ACTIVITY |
Each line containing the word "with" must be copied from the material below.
::: RECORD EXTRACTS :::
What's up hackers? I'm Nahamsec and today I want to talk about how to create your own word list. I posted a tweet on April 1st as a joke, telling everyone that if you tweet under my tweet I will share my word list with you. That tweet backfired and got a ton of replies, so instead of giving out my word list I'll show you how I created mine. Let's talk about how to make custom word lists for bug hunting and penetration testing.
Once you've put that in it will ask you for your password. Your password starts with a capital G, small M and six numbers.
:::
::: RECORD EXTRACTS :::
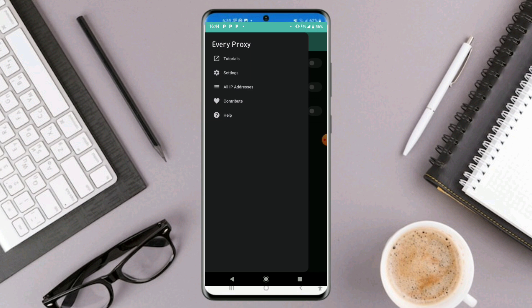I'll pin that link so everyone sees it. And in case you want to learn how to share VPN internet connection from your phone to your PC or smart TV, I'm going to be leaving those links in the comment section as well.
:::
YOUR SOLUTION |
What's up hackers? I'm Nahamsec and today I want to talk about how to create your own word list. I posted a tweet on April 1st as a joke, telling everyone that if you tweet under my tweet I will share my word list with you. That tweet backfired and got a ton of replies, so instead of giving out my word list I'll show you how I created mine. Let's talk about how to make custom word lists for bug hunting and penetration testing.
Once you've put that in it will ask you for your password. Your password starts with a capital G, small M and six numbers.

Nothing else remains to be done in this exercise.